What Happened: We are still gathering details, but it appears an unscheduled change to a core router by one of our […]
Today WordPress.com was down for approximately 110 minutes, our worst downtime in four years. The outage affected 10.2 million blogs, including our VIPs, and appears to have deprived those blogs of about 5.5 million pageviews.
What Happened: We are still gathering details, but it appears an unscheduled change to a core router by one of our datacenter providers messed up our network in a way we haven’t experienced before, and broke the site. It also broke all the mechanisms for failover between our locations in San Antonio and Chicago. All of your data was safe and secure, we just couldn’t serve it.
What we’re doing: We need to dig deeper and find out exactly what happened, why, and how to recover more gracefully next time and isolate problems like this so they don’t affect our other locations.
I will update this post as we find out more, and have a more concrete plan for the future.
I know this sucked for you guys as much as it did for us — the entire team was on pins and needles trying to get your blogs back as soon as possible. I hope it will be much longer than four years before we face a problem like this again.

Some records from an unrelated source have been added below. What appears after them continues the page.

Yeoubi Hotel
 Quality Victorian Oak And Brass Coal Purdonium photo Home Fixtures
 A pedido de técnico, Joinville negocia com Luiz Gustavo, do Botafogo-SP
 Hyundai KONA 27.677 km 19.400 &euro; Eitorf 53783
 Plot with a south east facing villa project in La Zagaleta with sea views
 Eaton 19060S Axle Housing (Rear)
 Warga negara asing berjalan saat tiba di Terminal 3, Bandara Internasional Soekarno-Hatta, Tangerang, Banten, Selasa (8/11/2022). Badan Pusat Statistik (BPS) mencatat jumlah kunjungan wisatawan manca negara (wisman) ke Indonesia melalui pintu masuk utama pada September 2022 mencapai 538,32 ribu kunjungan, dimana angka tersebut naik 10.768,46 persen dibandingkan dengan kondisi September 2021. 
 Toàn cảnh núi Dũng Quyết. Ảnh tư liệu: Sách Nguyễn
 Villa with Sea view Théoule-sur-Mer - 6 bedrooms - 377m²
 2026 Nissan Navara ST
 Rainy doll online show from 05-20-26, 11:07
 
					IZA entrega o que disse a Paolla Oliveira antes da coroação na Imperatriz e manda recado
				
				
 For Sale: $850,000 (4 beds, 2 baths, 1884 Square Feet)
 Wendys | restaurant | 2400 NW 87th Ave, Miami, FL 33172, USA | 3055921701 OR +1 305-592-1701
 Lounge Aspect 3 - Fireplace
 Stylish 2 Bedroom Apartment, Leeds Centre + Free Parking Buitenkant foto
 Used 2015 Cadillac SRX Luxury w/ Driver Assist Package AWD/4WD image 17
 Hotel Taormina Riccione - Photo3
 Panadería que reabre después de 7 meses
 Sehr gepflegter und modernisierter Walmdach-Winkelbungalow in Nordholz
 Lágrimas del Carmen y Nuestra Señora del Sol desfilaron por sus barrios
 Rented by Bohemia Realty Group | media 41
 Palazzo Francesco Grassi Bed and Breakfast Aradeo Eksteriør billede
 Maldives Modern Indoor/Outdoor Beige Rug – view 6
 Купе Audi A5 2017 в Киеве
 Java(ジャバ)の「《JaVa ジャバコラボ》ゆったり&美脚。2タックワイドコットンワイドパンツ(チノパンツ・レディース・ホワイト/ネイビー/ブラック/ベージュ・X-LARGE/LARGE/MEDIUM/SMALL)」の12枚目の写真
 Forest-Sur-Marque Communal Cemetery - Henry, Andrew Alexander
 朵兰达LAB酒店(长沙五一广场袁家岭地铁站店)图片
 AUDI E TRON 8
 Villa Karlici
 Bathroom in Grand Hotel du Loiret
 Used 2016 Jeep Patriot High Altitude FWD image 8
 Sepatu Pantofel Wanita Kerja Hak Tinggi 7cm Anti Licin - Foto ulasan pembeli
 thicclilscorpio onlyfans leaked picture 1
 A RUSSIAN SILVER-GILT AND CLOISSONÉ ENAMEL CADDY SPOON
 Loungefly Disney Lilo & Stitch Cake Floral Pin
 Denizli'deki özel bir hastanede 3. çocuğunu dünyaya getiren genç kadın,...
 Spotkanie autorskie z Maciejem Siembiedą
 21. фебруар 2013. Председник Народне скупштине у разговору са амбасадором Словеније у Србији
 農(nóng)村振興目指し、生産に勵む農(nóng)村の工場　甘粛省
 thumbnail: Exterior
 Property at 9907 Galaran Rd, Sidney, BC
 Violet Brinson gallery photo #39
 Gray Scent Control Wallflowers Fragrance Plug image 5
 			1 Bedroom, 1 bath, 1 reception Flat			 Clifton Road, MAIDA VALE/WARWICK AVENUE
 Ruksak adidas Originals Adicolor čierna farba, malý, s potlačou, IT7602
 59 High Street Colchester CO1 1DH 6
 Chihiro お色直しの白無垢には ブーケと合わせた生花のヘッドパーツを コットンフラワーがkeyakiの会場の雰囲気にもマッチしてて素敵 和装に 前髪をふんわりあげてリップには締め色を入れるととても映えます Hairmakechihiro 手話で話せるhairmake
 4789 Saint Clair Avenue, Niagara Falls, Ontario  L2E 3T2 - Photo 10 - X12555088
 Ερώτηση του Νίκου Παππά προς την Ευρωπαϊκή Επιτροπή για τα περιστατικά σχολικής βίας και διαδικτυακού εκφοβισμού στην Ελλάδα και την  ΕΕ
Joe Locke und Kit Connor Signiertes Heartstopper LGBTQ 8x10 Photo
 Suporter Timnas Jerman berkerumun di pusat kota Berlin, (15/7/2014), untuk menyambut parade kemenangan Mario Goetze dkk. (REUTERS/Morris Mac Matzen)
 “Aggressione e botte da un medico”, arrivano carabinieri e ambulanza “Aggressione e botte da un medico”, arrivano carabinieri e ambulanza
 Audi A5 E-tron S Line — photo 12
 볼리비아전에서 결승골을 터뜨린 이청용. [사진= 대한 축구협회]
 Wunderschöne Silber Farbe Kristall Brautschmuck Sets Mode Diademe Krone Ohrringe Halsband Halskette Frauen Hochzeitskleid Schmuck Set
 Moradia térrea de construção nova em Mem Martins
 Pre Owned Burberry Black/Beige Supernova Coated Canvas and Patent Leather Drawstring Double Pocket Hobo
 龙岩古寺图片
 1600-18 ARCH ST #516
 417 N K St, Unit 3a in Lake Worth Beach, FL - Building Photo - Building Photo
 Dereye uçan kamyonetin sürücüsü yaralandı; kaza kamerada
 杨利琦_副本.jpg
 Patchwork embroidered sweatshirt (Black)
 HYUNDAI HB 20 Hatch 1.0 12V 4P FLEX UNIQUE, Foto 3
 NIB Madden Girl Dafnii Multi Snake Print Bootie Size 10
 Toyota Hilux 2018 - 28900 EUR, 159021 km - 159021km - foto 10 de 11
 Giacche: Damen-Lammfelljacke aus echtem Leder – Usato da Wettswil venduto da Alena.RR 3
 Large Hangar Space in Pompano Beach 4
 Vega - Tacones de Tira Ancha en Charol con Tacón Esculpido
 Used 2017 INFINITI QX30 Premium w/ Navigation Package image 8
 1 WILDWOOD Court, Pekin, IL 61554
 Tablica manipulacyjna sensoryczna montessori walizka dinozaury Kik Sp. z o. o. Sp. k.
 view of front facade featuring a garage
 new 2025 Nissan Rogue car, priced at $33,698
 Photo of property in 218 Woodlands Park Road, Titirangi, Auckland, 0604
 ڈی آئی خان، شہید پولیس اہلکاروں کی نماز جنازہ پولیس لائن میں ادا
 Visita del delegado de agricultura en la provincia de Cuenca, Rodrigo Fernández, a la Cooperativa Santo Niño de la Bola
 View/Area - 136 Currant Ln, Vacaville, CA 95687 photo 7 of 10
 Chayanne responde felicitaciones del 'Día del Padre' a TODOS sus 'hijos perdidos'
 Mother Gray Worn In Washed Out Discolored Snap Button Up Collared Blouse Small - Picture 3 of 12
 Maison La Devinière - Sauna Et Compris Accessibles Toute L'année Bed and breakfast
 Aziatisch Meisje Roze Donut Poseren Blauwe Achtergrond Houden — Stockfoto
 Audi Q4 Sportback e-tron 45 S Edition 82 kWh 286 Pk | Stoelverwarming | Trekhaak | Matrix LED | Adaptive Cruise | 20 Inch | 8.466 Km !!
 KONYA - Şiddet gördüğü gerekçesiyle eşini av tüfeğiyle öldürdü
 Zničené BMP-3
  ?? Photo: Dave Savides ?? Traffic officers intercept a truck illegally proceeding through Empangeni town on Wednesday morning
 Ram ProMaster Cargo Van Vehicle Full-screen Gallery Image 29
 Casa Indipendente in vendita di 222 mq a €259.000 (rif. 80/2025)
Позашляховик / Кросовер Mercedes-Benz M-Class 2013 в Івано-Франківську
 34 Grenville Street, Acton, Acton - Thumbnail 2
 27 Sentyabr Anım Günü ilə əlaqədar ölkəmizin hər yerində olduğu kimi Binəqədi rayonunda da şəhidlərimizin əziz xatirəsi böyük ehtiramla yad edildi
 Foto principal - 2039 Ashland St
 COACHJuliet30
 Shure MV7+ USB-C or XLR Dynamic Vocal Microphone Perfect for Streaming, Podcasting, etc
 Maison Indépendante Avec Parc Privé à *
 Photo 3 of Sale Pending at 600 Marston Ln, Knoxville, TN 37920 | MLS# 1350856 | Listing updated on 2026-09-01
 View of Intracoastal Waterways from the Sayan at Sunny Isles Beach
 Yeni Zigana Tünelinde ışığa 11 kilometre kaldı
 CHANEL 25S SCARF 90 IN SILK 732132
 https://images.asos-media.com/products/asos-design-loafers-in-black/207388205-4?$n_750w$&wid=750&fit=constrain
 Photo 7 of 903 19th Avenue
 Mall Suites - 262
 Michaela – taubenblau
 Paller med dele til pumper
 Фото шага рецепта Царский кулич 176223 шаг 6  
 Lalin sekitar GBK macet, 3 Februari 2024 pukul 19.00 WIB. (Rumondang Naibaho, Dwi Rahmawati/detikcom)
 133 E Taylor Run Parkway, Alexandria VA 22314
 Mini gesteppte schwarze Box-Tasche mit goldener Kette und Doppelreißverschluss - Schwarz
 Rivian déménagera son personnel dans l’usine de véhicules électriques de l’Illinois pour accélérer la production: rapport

Update 1: We’ve gathered more details about what happened. There was a latent misconfiguration, specifically a cable plugged someplace it shouldn’t have been, from a few months ago. Something called the spanning tree protocol kicked in and started trying to route all of our private network traffic to a public network over a link that was much too small and slow to handle even 10% of our traffic which caused high packet loss. This “sort of working” state was much worse than if it had just gone down and confused our systems team and our failsafe systems. It is not clear yet why the misconfiguration bit us yesterday and not earlier. Even though the network issue was unfortunate, we responded too slowly in pinpointing the issue and taking steps to resolve it using alternate routes, extending the downtime 3-4x longer than it should have been.